Re: [webkit-dev] Question regarding priorities of subresource content retrieval

2011-02-12 Thread Silvio Ventres
Finished testing a small patch: https://bugs.webkit.org/show_bug.cgi?id=54108
It only prioritizes script loading in body (not sure yet why
doesn't work in head).
Assuming most external-load slowdowns are caused by js from body vs
anything from head, this should fix most horrific worst cases.
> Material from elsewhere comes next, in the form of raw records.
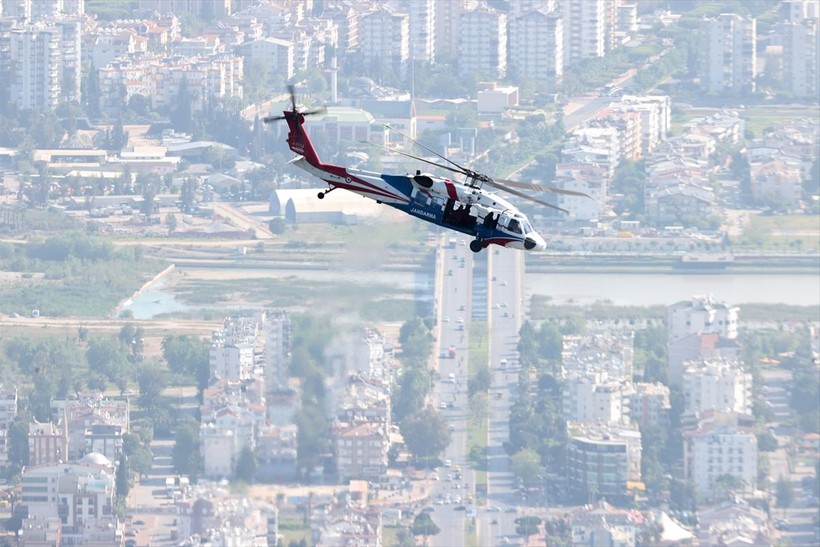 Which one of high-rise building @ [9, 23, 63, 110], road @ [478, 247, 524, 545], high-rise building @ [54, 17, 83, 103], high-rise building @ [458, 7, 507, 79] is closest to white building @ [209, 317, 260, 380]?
road @ [478, 247, 524, 545]

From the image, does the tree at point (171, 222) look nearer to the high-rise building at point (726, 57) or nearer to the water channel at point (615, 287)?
the water channel at point (615, 287)

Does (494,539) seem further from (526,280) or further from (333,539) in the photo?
(526,280)

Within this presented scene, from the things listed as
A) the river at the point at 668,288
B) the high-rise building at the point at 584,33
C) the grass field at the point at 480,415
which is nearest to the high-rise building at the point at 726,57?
the high-rise building at the point at 584,33

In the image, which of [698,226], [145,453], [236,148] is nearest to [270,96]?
[236,148]

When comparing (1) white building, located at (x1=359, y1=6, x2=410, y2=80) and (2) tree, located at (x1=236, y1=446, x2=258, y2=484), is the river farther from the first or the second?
(1) white building, located at (x1=359, y1=6, x2=410, y2=80)

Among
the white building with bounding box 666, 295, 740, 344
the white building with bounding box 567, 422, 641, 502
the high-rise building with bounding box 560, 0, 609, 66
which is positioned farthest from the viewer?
the high-rise building with bounding box 560, 0, 609, 66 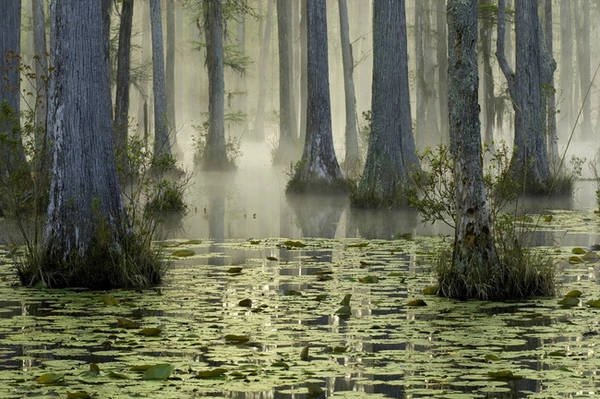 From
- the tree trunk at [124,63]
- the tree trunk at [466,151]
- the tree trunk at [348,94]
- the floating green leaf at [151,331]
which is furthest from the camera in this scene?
the tree trunk at [348,94]

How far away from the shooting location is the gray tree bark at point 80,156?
10453 mm

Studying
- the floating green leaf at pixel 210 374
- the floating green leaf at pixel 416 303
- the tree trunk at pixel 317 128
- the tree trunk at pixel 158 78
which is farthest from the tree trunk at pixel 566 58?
the floating green leaf at pixel 210 374

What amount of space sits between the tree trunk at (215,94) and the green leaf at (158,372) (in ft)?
87.5

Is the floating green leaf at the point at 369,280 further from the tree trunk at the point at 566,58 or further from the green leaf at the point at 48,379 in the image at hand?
the tree trunk at the point at 566,58

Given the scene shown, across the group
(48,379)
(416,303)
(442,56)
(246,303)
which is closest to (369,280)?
(416,303)

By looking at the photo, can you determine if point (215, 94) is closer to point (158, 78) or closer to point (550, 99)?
point (158, 78)

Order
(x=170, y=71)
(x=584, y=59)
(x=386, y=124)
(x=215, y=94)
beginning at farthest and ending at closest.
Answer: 1. (x=584, y=59)
2. (x=170, y=71)
3. (x=215, y=94)
4. (x=386, y=124)

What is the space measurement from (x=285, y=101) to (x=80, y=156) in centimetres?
2877

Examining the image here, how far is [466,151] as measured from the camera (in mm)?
9875

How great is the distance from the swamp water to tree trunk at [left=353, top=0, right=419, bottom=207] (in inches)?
320

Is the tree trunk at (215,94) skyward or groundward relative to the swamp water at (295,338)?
skyward

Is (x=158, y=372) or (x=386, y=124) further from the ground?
(x=386, y=124)

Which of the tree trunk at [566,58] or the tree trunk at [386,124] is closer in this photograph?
the tree trunk at [386,124]

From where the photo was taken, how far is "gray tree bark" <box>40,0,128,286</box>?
10.5 m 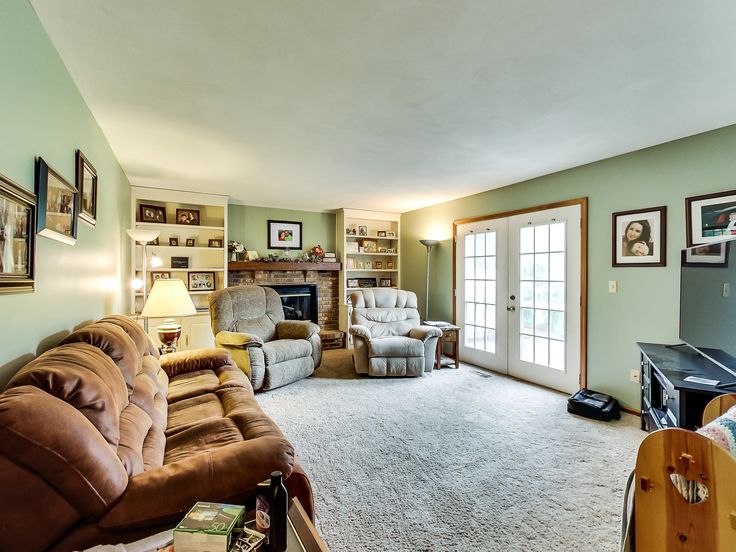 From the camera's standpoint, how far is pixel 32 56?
155cm

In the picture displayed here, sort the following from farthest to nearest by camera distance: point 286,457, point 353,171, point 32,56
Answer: point 353,171
point 32,56
point 286,457

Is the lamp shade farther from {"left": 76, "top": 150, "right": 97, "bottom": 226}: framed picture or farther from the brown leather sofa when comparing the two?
the brown leather sofa

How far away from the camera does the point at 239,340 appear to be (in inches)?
150

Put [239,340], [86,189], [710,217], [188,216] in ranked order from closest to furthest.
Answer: [86,189], [710,217], [239,340], [188,216]

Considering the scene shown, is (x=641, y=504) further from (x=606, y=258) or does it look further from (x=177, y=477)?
(x=606, y=258)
Tested on http://solid.eqoppa.com/testlag2.html:
First paint time unpatched:  80 seconds in
First paint time patches:  34 seconds in

Real-world test: http://technorati.com:
First paint time unpatched: 5 seconds
First paint time patched: 2 seconds

Please help test and see if it breaks anything. Didn't see any breaks
here yet :)

If someone wants to help see if there will be any more improvement by
adding the heuristic for js in head or for css in both head/body,
please let know.
For now, was thinking about twiddling with
CachedResourceLoader::preload, but that might be too late if the
engine already blocked on some css.

p.s. if generally patches are discussed off-list, please kindly let
know the correct venue.

--
 silvio
___
webkit-dev mailing list
webkit-dev@lists.webkit.org
http://lists.webkit.org/mailman/listinfo.cgi/webkit-dev


Re: [webkit-dev] Question regarding priorities of subresource content retrieval

2011-02-08 Thread Silvio Ventres
This argument - web developer is to blame for choosing a slow
ad/tracking/etc server - is incorrect.
Web developers in general do not have any control over the ad provider
or, frankly, any other type of external functionality provider.
Google Analytics being a good point in case, you would not want most
of the world's web pages to suddenly hang if something happens inside
Google.

The web browser should clearly prioritize developer-controllable
resources over ones that are beyond web developer's control.
Also, as an application run by the user and not by the developer, the
browser should arguably prioritize actual content against
pseudo-content which purpose is functionality that is not visibile to
the actual user, such as ad/tracker scripts. This actual content has
higher probability to be important when sourced from the
domain/subdomain of the webpage itself, based on current trends.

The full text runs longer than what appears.